Scrooge and the kids 'get' the bad guys in alligator suits, but Scrooge is an unacceptable caricature of businessmen.
Newspapers report that alligators are in the city's drain system, while money and jewels are mysteriously disappearing from stores overnight. When Uncle Scrooge goes to check his money bin, he spots thieves in motorized alligator suits who have been entering properties by the drains. A chase ensues. Though theft is treated as wrong, the character of Scrooge promotes a deep error: the naive view that wealth is merely coins and gold unproductively hoarded in vaults.
Lonely Millicent finds a companion and protector in The Wind, but is not happy until a real playmate is blown to her.
Millicent is wistfully alone in her alpine home, until the day The Wind befriends her. Later, when she is harassed by village children, it bowls over her tormentors. Millicent asks The Wind for a real friend, and an unquestioning boy is blown(!) to her home. The fine illustrations are airy & wistful. Since The Wind is not her imagination, the story portrays companionship as fundamental need for happiness. Unfortunately, companionship becomes a substitute for Millicent's purposelessness. The mood of the story is unusual for Munsch, and has a definite appeal.
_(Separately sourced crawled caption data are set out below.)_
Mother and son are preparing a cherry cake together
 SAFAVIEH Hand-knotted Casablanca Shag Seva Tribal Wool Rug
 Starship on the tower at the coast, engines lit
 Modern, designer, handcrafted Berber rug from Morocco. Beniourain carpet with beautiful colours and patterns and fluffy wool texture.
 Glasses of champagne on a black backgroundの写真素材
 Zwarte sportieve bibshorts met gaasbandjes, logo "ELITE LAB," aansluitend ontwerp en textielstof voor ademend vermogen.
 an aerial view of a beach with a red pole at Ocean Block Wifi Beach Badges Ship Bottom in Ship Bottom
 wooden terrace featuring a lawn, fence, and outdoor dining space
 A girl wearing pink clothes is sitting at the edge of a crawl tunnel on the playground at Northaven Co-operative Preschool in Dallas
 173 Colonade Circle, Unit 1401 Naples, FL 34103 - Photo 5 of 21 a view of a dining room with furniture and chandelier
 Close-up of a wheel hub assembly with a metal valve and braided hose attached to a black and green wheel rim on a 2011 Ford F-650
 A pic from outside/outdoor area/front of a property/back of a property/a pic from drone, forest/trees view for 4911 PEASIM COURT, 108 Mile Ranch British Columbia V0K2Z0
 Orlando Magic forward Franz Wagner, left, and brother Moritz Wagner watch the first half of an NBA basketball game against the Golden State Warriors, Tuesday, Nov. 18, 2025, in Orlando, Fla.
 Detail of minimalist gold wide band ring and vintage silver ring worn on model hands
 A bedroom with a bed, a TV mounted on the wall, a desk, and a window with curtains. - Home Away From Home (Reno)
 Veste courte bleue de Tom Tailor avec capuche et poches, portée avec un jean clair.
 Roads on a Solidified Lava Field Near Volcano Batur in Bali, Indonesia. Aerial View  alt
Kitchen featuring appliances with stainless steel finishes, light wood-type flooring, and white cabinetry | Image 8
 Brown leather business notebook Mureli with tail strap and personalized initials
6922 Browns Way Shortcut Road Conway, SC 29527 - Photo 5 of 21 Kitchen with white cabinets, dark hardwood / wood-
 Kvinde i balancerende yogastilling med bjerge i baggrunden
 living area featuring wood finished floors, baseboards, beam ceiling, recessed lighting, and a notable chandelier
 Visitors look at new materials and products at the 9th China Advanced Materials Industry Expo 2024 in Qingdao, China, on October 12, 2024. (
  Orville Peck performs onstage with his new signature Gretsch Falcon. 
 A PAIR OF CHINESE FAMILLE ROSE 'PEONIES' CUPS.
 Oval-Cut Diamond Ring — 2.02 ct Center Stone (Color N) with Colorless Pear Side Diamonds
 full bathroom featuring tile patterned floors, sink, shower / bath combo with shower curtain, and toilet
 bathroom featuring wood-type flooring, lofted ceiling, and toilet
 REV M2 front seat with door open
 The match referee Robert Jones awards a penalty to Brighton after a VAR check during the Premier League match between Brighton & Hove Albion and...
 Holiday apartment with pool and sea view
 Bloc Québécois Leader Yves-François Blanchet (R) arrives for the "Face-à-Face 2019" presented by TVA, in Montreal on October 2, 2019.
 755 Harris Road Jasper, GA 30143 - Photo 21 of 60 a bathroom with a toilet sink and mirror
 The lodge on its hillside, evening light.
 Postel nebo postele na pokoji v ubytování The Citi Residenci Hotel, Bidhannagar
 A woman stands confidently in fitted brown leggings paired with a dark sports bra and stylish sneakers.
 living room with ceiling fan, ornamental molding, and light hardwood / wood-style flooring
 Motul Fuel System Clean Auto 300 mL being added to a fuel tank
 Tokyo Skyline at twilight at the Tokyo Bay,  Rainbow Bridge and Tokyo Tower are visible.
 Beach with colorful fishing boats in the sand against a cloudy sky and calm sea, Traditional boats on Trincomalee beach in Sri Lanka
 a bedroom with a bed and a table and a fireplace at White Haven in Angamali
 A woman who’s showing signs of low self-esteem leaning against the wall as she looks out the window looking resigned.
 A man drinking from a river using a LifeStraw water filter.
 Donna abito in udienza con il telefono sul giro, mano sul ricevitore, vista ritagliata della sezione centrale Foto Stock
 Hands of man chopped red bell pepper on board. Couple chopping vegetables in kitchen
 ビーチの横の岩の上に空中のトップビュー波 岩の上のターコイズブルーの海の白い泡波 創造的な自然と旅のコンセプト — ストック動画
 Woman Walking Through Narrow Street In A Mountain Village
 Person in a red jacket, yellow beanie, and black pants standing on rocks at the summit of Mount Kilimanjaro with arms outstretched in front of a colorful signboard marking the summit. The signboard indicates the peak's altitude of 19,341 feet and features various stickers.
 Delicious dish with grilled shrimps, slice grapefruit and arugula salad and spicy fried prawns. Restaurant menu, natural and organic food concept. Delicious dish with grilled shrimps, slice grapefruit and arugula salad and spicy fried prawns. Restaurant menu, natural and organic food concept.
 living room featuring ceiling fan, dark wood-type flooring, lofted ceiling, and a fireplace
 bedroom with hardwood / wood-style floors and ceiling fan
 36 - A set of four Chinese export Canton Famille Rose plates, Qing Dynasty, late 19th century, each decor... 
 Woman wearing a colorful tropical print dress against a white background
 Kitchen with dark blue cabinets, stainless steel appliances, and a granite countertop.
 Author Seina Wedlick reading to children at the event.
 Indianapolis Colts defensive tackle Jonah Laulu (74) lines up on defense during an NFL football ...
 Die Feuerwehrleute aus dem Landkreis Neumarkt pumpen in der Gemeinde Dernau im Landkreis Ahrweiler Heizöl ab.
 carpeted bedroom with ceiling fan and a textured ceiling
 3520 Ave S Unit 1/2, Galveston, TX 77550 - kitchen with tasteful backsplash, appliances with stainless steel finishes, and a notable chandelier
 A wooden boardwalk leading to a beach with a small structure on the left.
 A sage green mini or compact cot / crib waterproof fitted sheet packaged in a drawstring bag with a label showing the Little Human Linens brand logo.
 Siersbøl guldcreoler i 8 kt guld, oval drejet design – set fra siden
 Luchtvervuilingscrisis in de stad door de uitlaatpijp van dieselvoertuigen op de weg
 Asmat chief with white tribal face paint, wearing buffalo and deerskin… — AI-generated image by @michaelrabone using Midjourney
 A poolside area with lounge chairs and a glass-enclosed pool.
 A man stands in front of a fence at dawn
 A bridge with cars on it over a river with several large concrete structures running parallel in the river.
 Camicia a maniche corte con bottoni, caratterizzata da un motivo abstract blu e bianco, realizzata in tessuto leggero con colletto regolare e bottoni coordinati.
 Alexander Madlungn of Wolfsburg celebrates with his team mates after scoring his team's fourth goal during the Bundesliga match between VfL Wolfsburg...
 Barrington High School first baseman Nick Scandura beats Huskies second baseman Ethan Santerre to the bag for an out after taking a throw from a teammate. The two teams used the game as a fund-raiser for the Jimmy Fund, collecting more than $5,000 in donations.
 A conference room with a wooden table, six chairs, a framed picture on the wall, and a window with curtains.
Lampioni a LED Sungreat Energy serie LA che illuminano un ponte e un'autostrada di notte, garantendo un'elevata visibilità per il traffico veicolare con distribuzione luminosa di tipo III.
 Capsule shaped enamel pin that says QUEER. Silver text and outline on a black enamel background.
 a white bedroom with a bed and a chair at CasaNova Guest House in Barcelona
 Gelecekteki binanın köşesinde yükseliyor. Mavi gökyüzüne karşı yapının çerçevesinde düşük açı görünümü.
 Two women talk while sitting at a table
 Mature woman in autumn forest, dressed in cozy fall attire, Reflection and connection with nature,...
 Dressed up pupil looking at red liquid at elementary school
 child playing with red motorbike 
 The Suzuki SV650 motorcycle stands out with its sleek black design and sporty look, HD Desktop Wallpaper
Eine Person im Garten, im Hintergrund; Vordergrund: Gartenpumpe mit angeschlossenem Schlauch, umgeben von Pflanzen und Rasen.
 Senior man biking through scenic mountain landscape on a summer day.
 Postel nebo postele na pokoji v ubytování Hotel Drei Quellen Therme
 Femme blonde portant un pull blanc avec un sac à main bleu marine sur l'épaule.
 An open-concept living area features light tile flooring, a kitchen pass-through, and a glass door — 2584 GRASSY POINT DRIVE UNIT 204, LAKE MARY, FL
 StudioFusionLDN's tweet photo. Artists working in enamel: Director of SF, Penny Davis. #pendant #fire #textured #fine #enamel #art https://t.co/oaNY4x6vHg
In her quest for immortality a mermaid princess falls in love with a human, but after immense suffering and failure in life, she only partially reaches her goal.
To gain immortality, a mermaid hopes to share the soul of a human prince through marriage. A witch gives her legs that pain her, cutting out her tongue as payment. She will only die soulless if the prince marries another –which he does. A second spell can save her, if she murders him. She chooses suicide, but miraculously enters a gentle, ghostly purgatory. Instead of suffering and death, Disney’s Mermaid offers children success and life.